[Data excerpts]
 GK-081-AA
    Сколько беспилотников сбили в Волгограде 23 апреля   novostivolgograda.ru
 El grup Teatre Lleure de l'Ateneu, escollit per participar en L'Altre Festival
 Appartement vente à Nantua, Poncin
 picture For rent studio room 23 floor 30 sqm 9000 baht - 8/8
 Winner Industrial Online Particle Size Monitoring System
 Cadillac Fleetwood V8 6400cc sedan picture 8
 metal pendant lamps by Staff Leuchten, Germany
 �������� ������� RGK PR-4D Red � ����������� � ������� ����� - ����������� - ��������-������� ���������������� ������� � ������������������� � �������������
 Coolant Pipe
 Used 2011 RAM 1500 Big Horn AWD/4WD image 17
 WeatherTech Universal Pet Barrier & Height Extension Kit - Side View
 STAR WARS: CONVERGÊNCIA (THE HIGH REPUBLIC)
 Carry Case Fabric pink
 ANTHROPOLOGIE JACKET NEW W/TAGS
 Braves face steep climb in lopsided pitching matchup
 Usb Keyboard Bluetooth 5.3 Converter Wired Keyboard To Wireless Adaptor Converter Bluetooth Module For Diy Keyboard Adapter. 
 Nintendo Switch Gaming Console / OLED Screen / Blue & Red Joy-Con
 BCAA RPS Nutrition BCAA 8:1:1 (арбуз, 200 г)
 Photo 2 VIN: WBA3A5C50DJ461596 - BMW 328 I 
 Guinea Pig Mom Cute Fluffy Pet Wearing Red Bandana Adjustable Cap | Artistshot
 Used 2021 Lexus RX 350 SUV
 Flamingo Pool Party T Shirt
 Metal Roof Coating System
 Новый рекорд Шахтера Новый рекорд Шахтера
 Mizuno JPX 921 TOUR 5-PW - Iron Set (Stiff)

• Required action:
Your output must contain exactly the lines from the one containing "Used 2021 Lexus RX 350 SUV" to the final line of the data above, and no other text.

• Exercise output:
 Used 2021 Lexus RX 350 SUV
 Flamingo Pool Party T Shirt
 Metal Roof Coating System
 Новый рекорд Шахтера Новый рекорд Шахтера
 Mizuno JPX 921 TOUR 5-PW - Iron Set (Stiff)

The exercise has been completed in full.